Nonetheless, pressing for a no-fly zone is not an entirely unreasonable position. The most clear case for a no-fly zone was made by former Marine aviator Scott Cooper in the Washington Post. Cooper didn't shy away from enumerating risks: robust Syrian air defense systems; pilots potentially being shot down; the lack of an end-game strategy; and the "slippery slope of escalated military involvement." But he recounted the narrow aims of a no-fly zone: "Its purpose is not to resolve the conflict but to prevent escalation, protect innocents and provide leverage to negotiations," Cooper wrote. "In essence, a no-fly zone takes away a single tool of violence—the use of aviation—possessed by the oppressor." Cooper pointed to Bosnia as an example of a successful no-fly zone. But here he and McCain come up short.

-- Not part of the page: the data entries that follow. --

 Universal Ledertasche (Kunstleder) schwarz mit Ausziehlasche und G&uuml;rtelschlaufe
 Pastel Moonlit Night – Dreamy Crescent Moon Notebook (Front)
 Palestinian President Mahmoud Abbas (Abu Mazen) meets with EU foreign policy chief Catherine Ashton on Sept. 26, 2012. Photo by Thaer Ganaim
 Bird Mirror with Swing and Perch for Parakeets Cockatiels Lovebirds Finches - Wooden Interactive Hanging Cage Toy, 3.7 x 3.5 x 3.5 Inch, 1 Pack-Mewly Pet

Michael O'Hanlon, another advocate of a no-fly zone, frankly acknowledged what this will mean in his own pro-intervention op-ed using the Bosnia example: "Yes, this plan does imply a number of U.S. peacekeepers on the ground, perhaps comparable in number to the 20,000 who began the job in Bosnia in 1995." You'll quickly note that O'Hanlon's number is well shy of the 75,000 troops recommended by the Pentagon to secure chemical weapons, but it's still a helpful reminder. It's also a harrowing proposition: putting fewer troops on the ground than necessary to secure chemical weapons might leave them subject to precisely a chemical weapons attack.
Putting a lid on Syria's chemical weapons is a dangerous and complicated business. That's why it's so mystifying that McCain dismissed the idea of ground troops altogether—he knows it looks bad for his case—but simultaneously said that chemical weapons must be secured: "I think it has to be an international effort," McCain told CNN. A U.N. role will be tough to achieve because Russia seems certain to block any action. That leaves NATO, or the Arab League. Will NATO countries want to put boots on the ground, something they avoided in Libya? Does the Arab League have the will, or even the capability? What's more, Eli Lake reported yesterday that the U.S. isn't even sure it knows where all the weapons are.

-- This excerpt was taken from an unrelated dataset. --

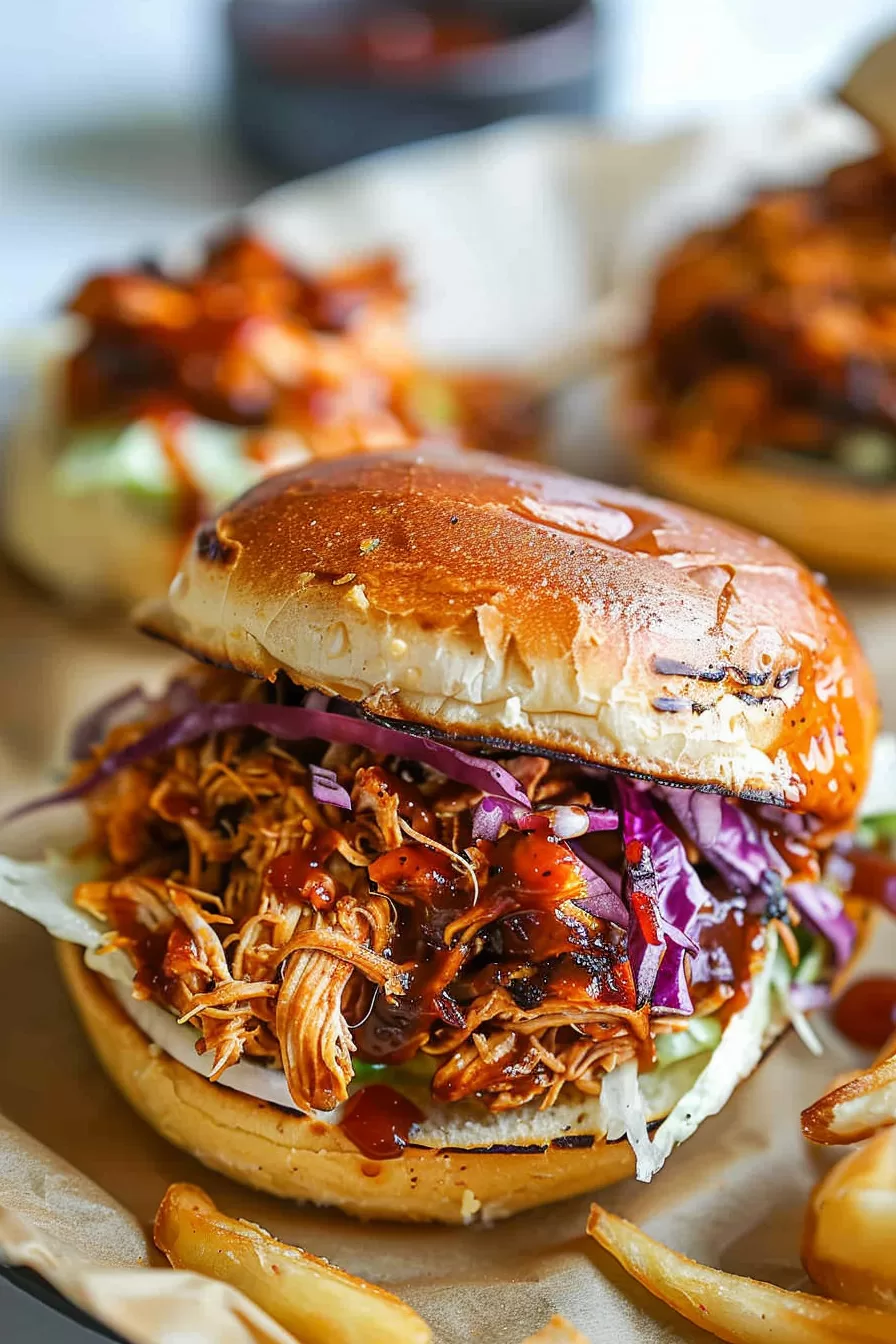 Pulled chicken burger loaded with barbecue sauce and purple cabbage slaw, with a side of crispy fries on parchment paper.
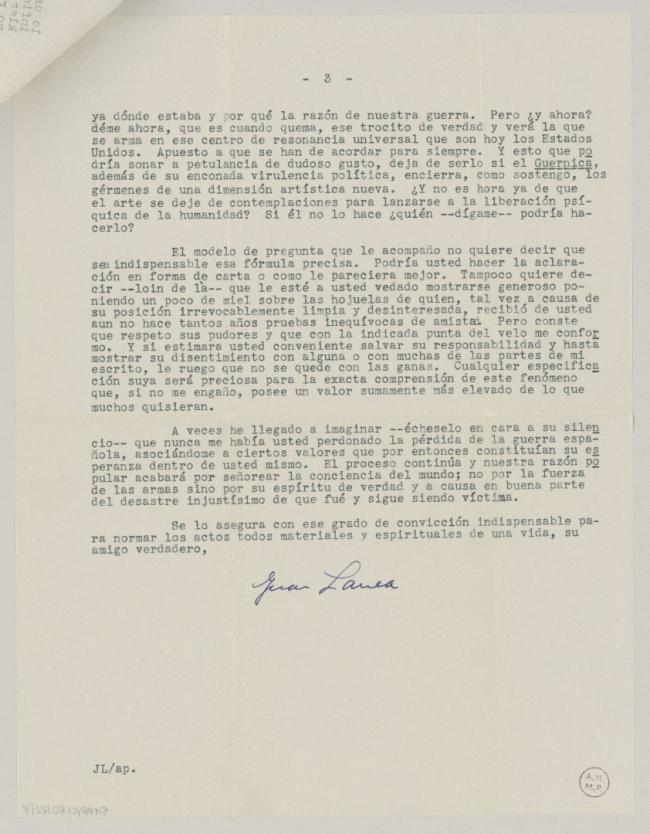 Carta de Juan Larrea a Pablo Picasso del 6 de septiembre de 1947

The Libya example is in many ways illuminating: it was a classic case of the "slippery slope of escalated military involvement"—otherwise known as mission creep. The narrowly defined U.N. no-fly zone quickly morphed into offensive military airstrikes aimed at bringing down the regime. Qatar's arms shipments ended up in the hands of extremists just as their arms to Syria were, until recently when the West—namely, the C.I.A.—stepped in to facilitate vetting. ("They say they're able to get the humanitarian aid to the right people but they can't get the arms to the right people," McCain said on CNN. But of course the right targets of humanitarian aid are just people in general, extremist or otherwise, so long as they don't hoard the supplies.)

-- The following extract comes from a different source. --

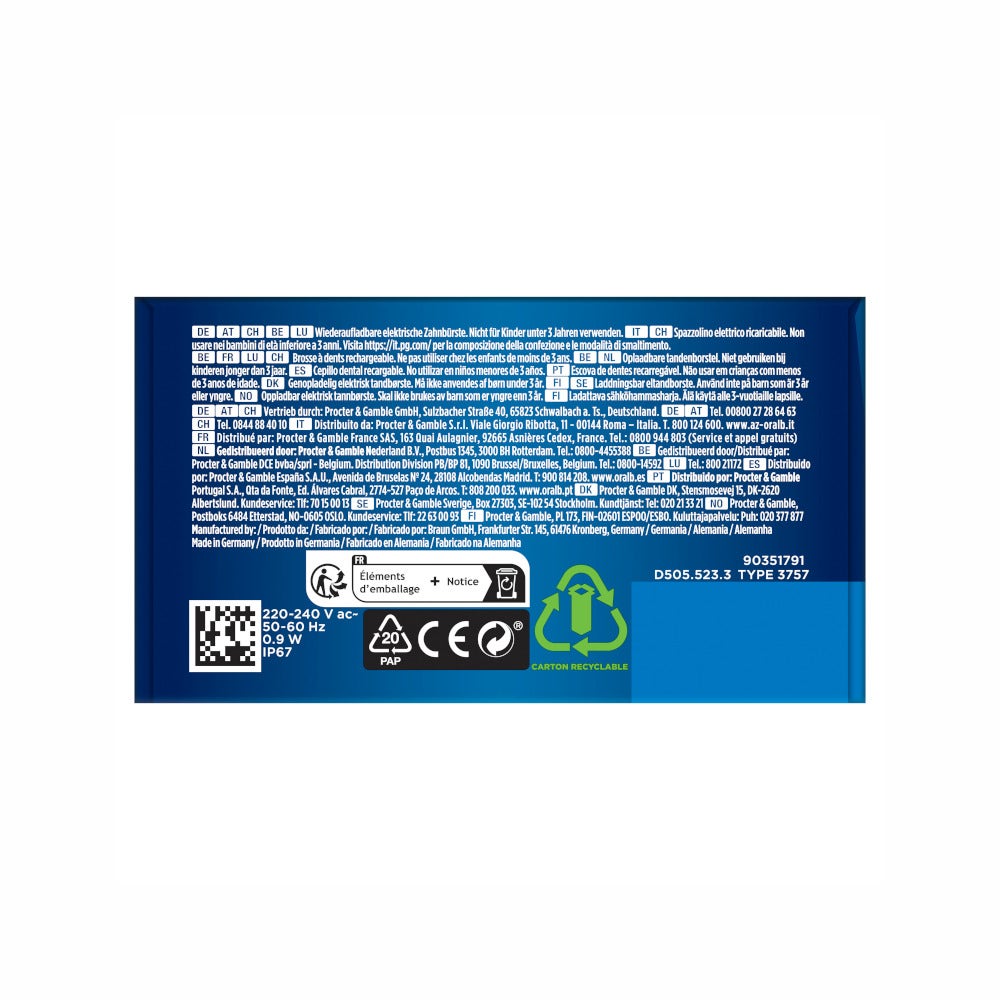Oral-B Spazzolino Elettrico Ricaricabile Nero Pro3 3000, 1 Custodia Da Viaggio, 2 Spazzolini-11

These complications, elided by intervention advocates, are exactly what critics of intervention point to as the oversimplification of Syria: "Syria is an immensely complex sectarian civil war," Sullivan wrote in his post. "It’s their country and we involve ourselves at our peril. Once we directly intervene in defense of one nebulous faction, we will deeply alienate another. We will be injecting the U.S. into a brutal religious and ethnic civil war." Wanting to end the slaughter of Syrian civilians is a noble aim; the situation is a humanitarian catastrophe. But the moral imperative to protect civilians cannot be regarded in a vacuum, independent of the imperative to foresee a way out of the war for America. The Iraq analogies aren't perfect, but the U.S. must guard against repeating the mistakes made there—namely, wishing away the complexities. After all, our intervention in Iraq was its own moral catastrophe.